I had successfully installed my car stereo, by recycling the old wiring harness from my old head unit, chopping the wires and reattaching them to the new unit. I reattached the battery cables to check it. Everything worked fine.

Then when I was taping up the exposed wires with electrical tape two of them must have touched causing some sort of short circuit, and just like that, it died. Obviously, I should have removed the battery cable again while taping the wires.

Is it repairable? I’ve unplugged everything and reattached it all, checked the fuse on the stereo and it seems fine, but I get no response from the stereo now, except I can hear the cd player spinning up. My guess is either exposed part of the ground wire or the battery wire has come in contact with one of the other exposed wires and shorted the whole thing.

Is there any way I can fix this or should I cut my losses (the stereo only cost me $80) and buy another unit? I would appreciate the hive mind’ thoughts on which wires may have crossed and if there is any way of fixing this.
posted by robotot to Technology (8 answers total) 1 user marked this as a favorite
Best answer: Check your car fuses.
posted by weapons-grade pandemonium at 6:09 PM on November 22, 2007

Response by poster: car fuses? They'd be the flat coloured plastic ones? How does one tell if they are blown?
posted by robotot at 6:23 PM on November 22, 2007

Best answer: Hold them up under a bright light to check them for damage... but it's usually wiser to replace it with a known good fuse and see if that helps, or put the suspect fuse in another circuit and see if it powers that circuit ok.
posted by chips ahoy at 6:38 PM on November 22, 2007

Best answer: You don't say if your CD player is a separate changer, or in the head unit itself. If it's separate, I'd say check fuses as wgp suggested, but if the CD you hear spinning up is the one in the head unit and the rest of the controls are unresponsive, it's likely FUBAR.

Flat plastic car fuses can be seen easily if they're blown -- pull them out and look at the side. The metal strip running through them will be separated, usually accompanied by burny/melty-looking area.
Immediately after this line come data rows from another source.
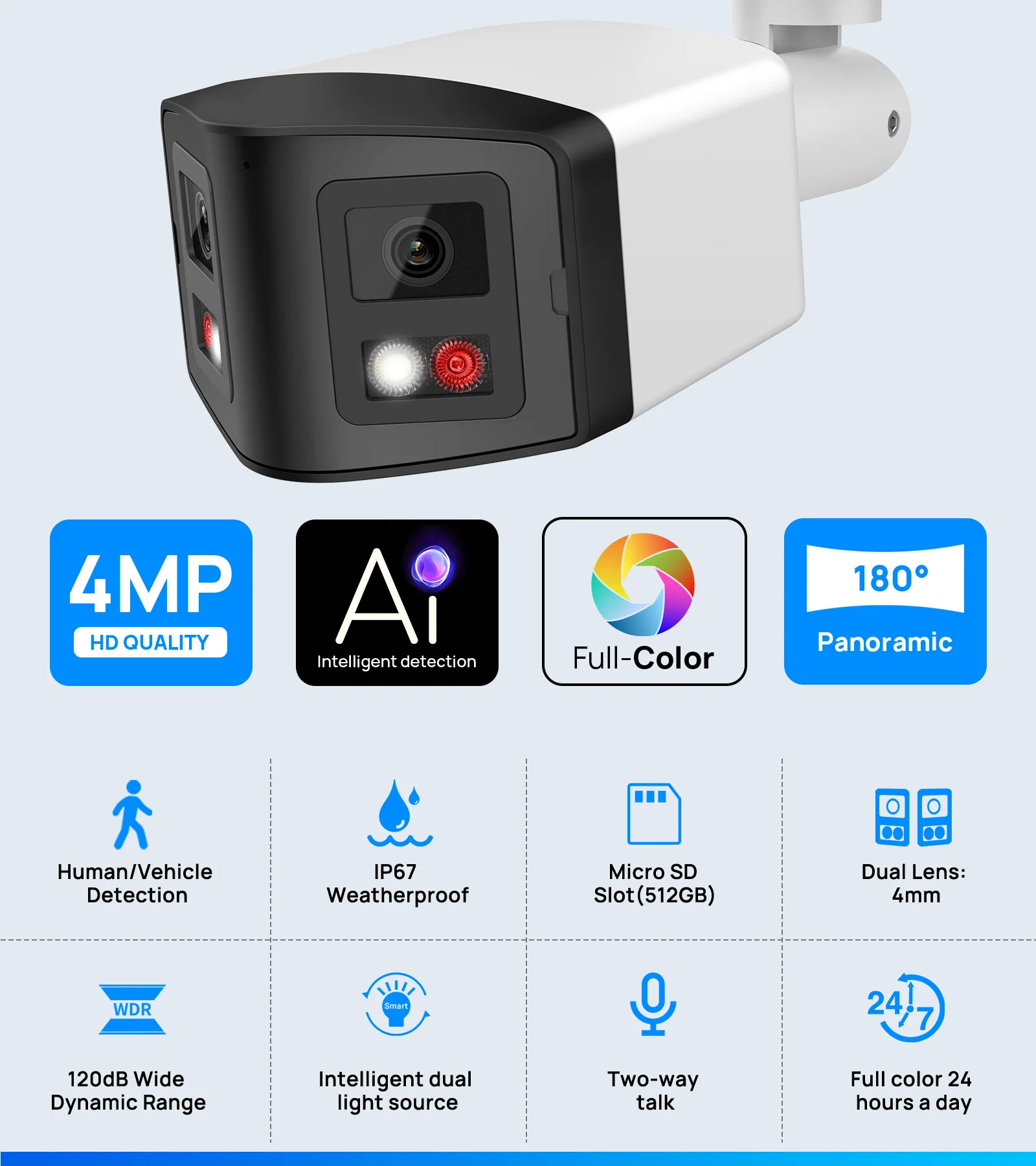 Vikylin Panoramic Security Camera Full Color 4MP Dual Lens 4MM IP Camera For Hikvision Compatible POE CCTV Surveillance Outdoor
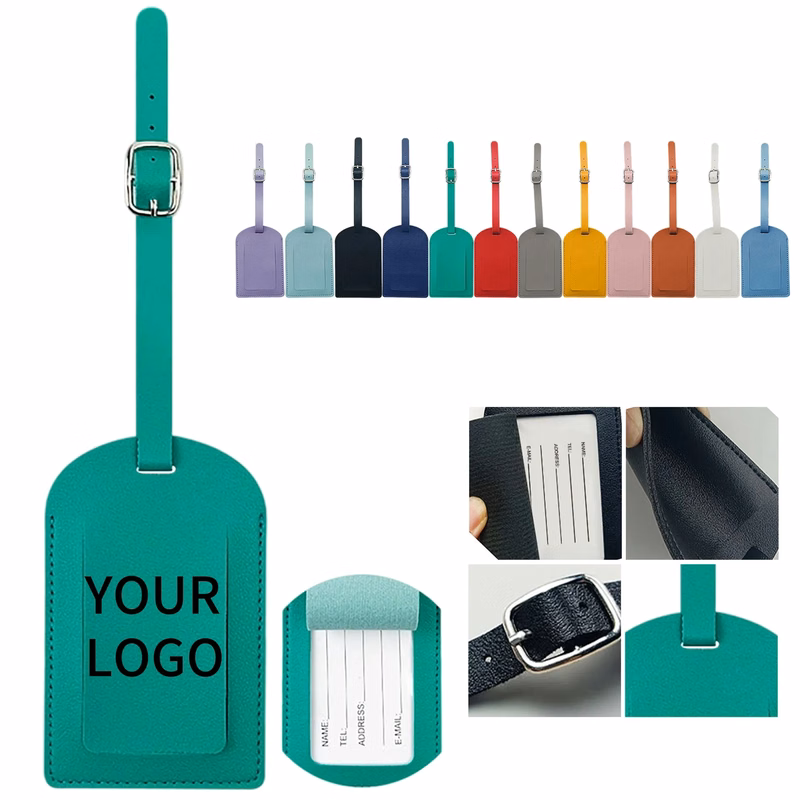 PU Leather Luggage Tag 4.38x2.76 Inch for Travel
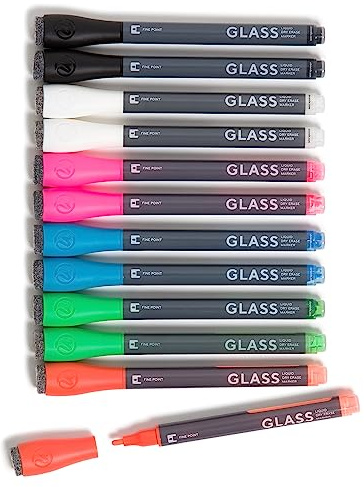 U Brands Fine Tip Liquid Glass Whiteboard Markers with Eraser for Glass Boards, Dry Erase Boards, and Chalk Boards, Assorted Bright Colors, Set of 12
And, as a fellow lazy electrical car knob ( :-) who's done exactly the same thing, when you're testing, in the future just wrap one of the pairs of wires.
posted by liquado at 7:39 PM on November 22, 2007

Response by poster: Liquado: It's the head unit itself. I'll check the fuses anyway, but I don't hold out much hope. I've already begun shopping for a replacement.
posted by robotot at 8:21 PM on November 22, 2007

What chips ahoy said applies to checking the fuse on the stereo as well. Sometimes a visual inspection is not good enough. Pop another fuse in, or even short it out for a quick double check.
posted by weapons-grade pandemonium at 8:33 PM on November 22, 2007

You don't say what car it is.

If it's a newer one, they often times have separate amps that would probably have their own fuses. Stuffed under a seat or stuck in a panel somewhere. If your head unit is working, but you're not getting sound, I'd bet on this.
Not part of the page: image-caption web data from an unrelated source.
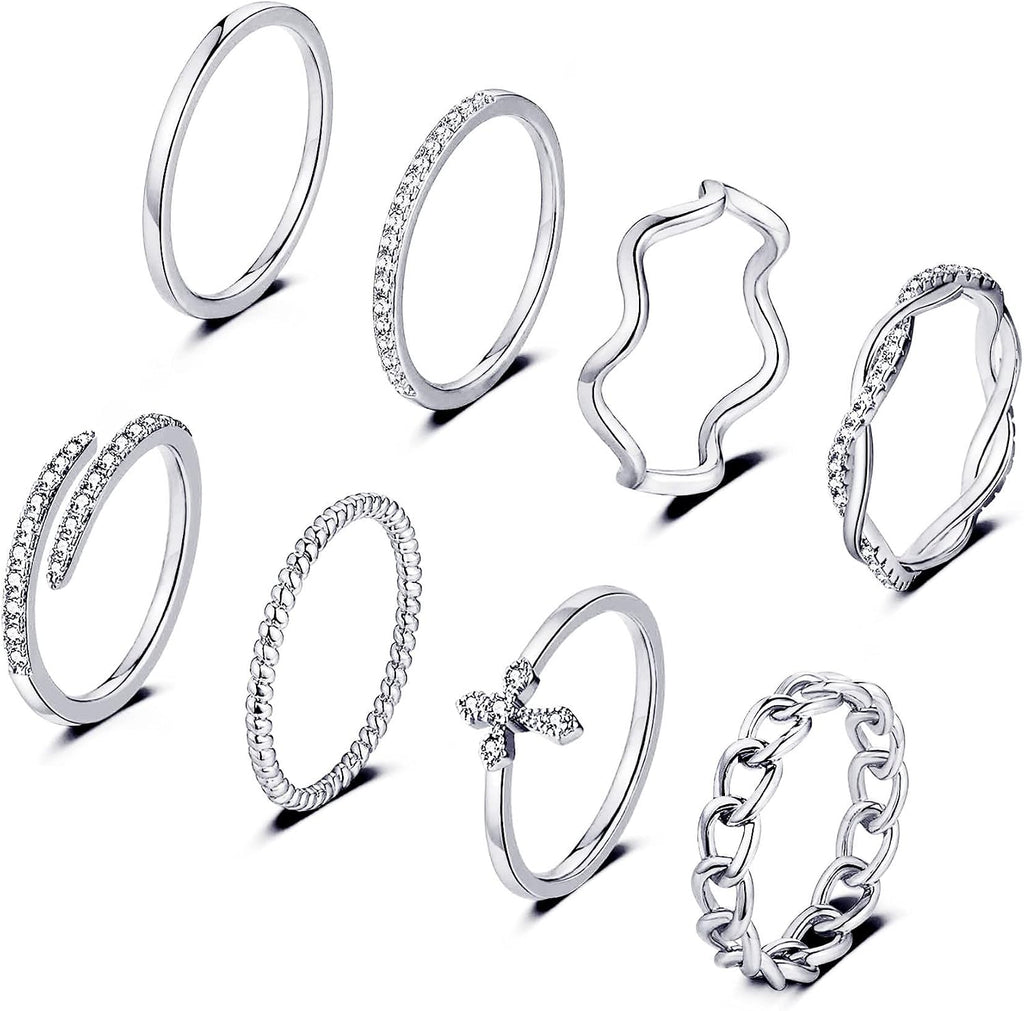 14K Gold Plated Stacking Rings Set for Women, Stackable Knuckle Thumb Rings Thin Dainty Silver Rings for Women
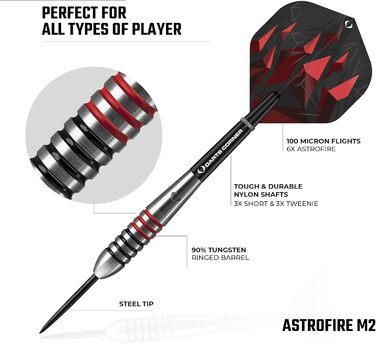 Набір дартсів Darts Corner Astrofire 21 г — 90% вольфрам, сталеві наконечники, 6 флайтів, 6 шафтів, кейс, картка, кільця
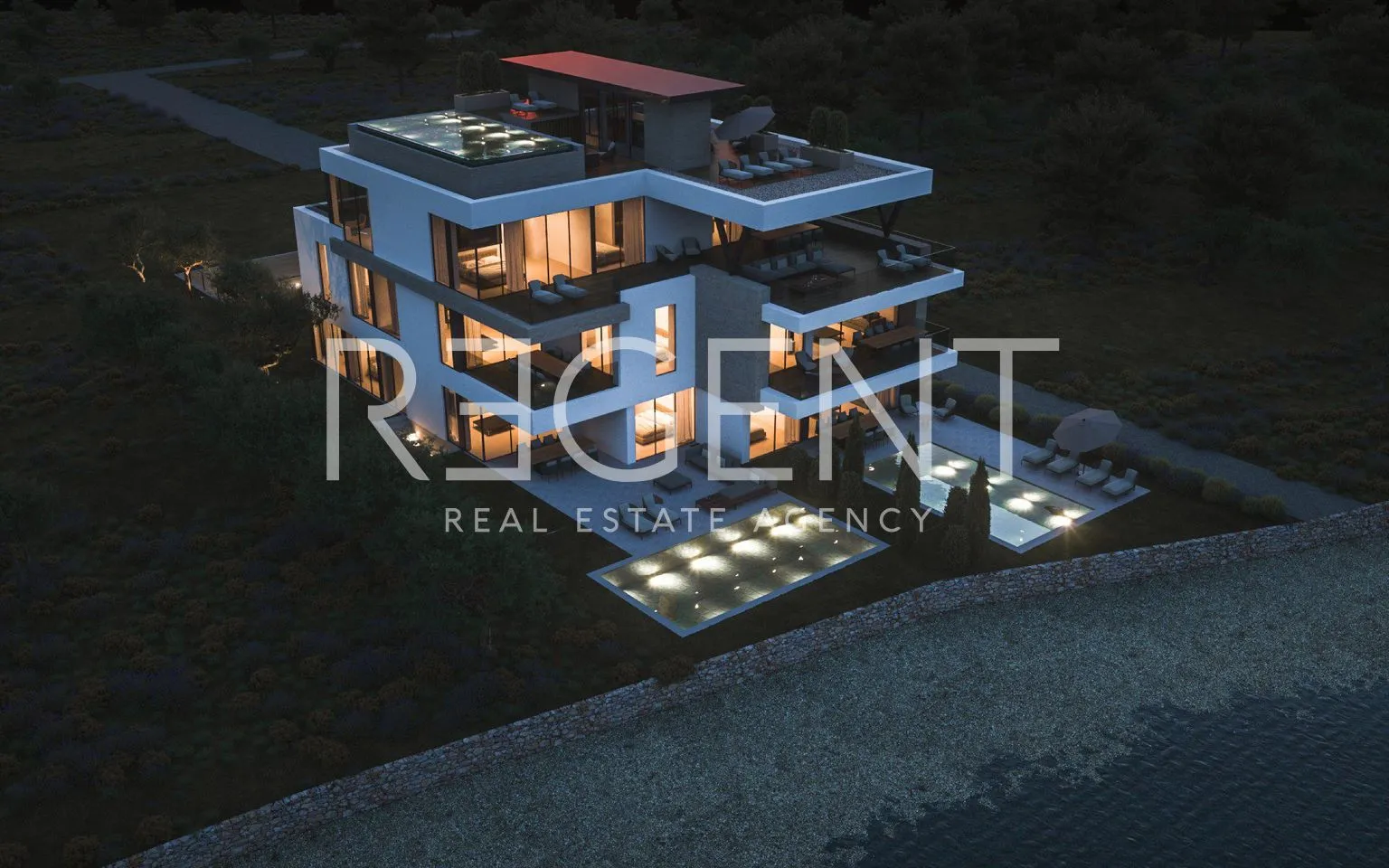 sukošan – luksuzno moderni penthouse s krovnom terasom i bazenom 193 m2 - slika 2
If you have an older car with no amps, I'd say you have the wires hooked up wrong. Electronics are pretty resilient nowadays. Hooking things up backwards won't fry anything anymore, there are protections for that. I'd look at the diagram again.
posted by sanka at 8:40 PM on November 22, 2007

Response by poster: Weapons/ liquado/ and chips ahoy: It was a fuse. $2 later and it works fine. Thanks, you saved me from buying a whole new unit...which would have been cool, but I really couldn't afford it. You guys rock.